What the task requires → For this listing, the lines between the one holding "Heart Urn Necklace with Paws for Pets" and the one holding "Heads Up mobile app icon on phone screen", inclusive, must be set down exactly.

Data shown →
==================================================
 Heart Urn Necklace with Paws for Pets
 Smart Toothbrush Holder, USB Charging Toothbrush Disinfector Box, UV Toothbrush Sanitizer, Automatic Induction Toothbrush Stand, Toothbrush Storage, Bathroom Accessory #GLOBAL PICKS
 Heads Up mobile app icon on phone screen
==================================================
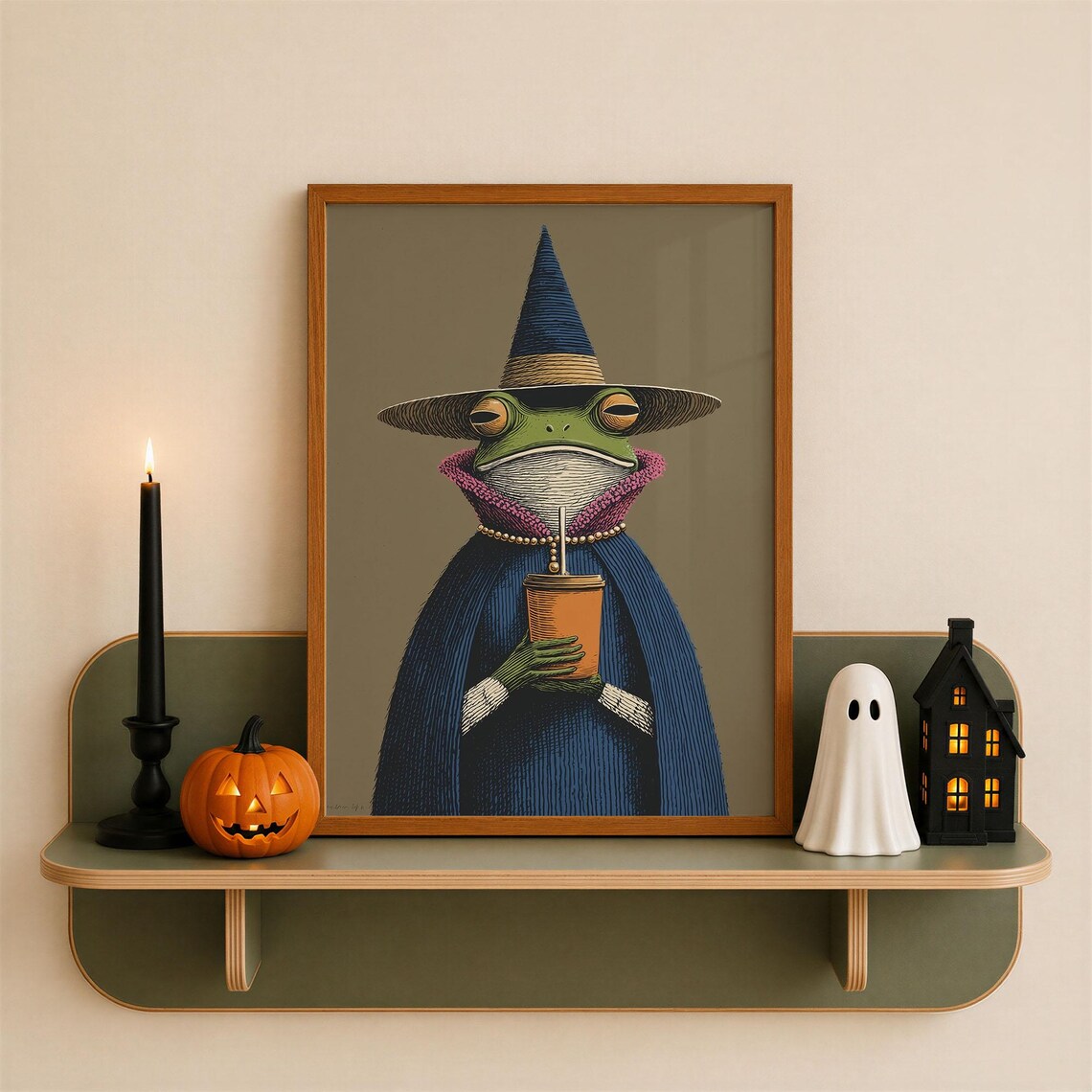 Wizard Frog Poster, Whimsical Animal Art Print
==================================================
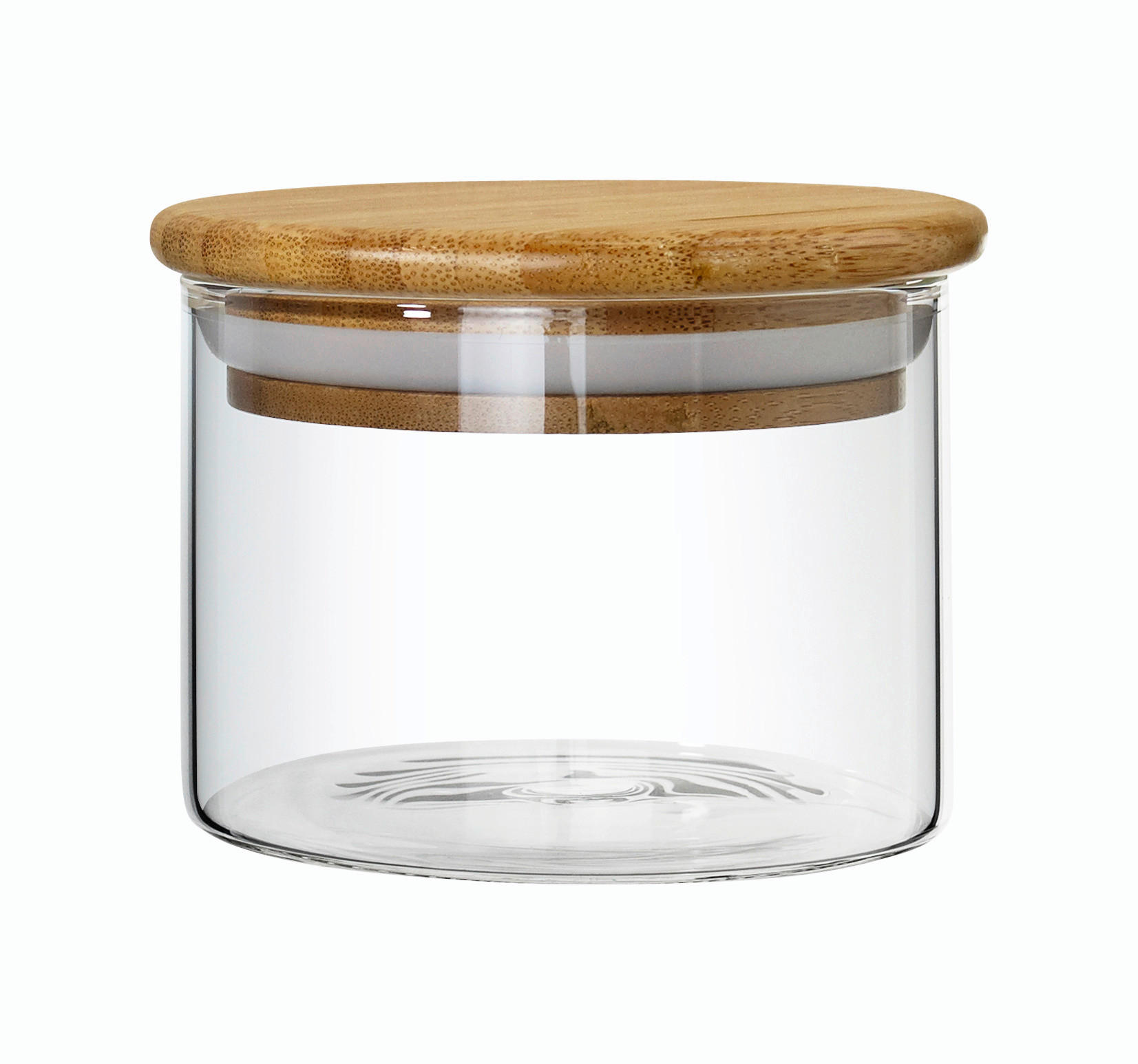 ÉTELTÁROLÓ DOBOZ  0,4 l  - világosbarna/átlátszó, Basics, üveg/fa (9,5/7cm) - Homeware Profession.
==================================================
Result below →
 Heart Urn Necklace with Paws for Pets
 Smart Toothbrush Holder, USB Charging Toothbrush Disinfector Box, UV Toothbrush Sanitizer, Automatic Induction Toothbrush Stand, Toothbrush Storage, Bathroom Accessory #GLOBAL PICKS
 Heads Up mobile app icon on phone screen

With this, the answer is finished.